Het verhaal dat me na lezing het meest bijbleef, is ‘Een naaktvakantie op Corsica’ uit de bundel De Vlaamse reus uit 1974. Je zou het een dystopisch verhaal kunnen noemen met een verrassend voorspellende kracht. Natuurlijk, de zogenaamde Club van Rome was al vanaf 1968 bezig de ‘grenzen aan de groei’ te rapporteren en te waarschuwen voor de negatieve impact van de economische vooruitgang op het milieu. Het onderwerp was dus niet nieuw, maar toch ken ik in de Nederlandstalige fictie uit die tijd nauwelijks voorbeelden van teksten met klimaat en milieu als onderwerp.

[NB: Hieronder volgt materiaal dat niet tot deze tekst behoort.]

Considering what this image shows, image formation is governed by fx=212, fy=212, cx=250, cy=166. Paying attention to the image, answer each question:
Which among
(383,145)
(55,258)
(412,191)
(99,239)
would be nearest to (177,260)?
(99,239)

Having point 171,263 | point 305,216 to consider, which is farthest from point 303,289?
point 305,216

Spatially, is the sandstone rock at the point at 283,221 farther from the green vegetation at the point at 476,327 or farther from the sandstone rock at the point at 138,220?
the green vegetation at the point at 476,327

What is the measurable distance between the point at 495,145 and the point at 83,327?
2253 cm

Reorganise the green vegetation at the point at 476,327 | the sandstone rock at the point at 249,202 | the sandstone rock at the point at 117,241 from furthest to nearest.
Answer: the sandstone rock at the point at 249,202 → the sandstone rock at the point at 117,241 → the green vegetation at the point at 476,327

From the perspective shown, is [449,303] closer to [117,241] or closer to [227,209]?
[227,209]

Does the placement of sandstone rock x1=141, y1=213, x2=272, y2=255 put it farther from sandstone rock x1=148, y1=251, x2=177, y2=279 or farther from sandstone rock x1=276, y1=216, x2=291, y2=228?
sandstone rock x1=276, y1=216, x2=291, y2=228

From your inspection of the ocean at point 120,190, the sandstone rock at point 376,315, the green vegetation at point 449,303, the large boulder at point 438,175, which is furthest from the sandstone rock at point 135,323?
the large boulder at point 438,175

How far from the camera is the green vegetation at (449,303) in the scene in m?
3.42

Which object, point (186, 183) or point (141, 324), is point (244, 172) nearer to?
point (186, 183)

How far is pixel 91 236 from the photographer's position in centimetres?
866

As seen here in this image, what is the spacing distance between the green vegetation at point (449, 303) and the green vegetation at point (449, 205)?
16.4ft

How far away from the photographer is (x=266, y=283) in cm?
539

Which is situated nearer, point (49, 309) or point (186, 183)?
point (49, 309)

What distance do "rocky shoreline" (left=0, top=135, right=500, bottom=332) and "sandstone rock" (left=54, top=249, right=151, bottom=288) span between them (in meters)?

Qua plot is het verhaal simpel. Een echtpaar met een tienerzoon en -dochter en een hond keert na drie jaar terug op een naaktcamping aan het Corsicaanse strand. Al meteen verbaast het gezin zich over het feit dat het zandstrand zoveel smaller is geworden en de zee meteen al zo diep. Maar wat verontrustender is: van dag tot dag neemt de zomerhitte toe en een hevige, haast oorverdovende wind houdt de vakantiegangers ’s nachts uit hun slaap. Ineens gaan de ontwikkelingen snel: het strand wordt volledig weggeslagen door de branding, zelfs zodanig dat het gezin zich niet langer veilig voelt en net als vele anderen op de vlucht slaat. Daar ergens begint het bovenstaande fragment. Het is vrij lang, ik weet het, maar ik vond het verhaal te goed om het nog verder in te korten. De gebeurtenissen worden op een speciale manier voelbaar gemaakt. Als lezer word je als het ware meegesleurd die tent in, die jeep in, die boot in, kortom het verhaal in, en je gaat mee in het stuwende ritme van de korte, onopgesmukte zinnen.

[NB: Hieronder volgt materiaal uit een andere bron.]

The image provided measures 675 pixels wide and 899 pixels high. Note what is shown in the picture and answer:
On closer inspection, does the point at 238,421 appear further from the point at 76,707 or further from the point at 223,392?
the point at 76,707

Het is een verhaal uit 1974 dat niet alleen steengoed geschreven is, maar dat ook een vroeg licht werpt op alle ellende die we inmiddels met de aarde zien gebeuren. En met ‘we’ bedoel ik dan iedereen behalve de halvegaren die vinden dat er niks aan de hand is en dat we gerust door kunnen gaan op de heilloze weg die we zijn ingeslagen. Maar Moeder Aarde is klaar met ons en doet hard haar best ons, haar kroost, van haar schoot te schuiven, ongeveer zoals het eiland Corsica de hoofdpersonen in dit verhaal naar de rand duwt.

  • Hugo Raes, Verzamelde verhalen, Amsterdam, 1979.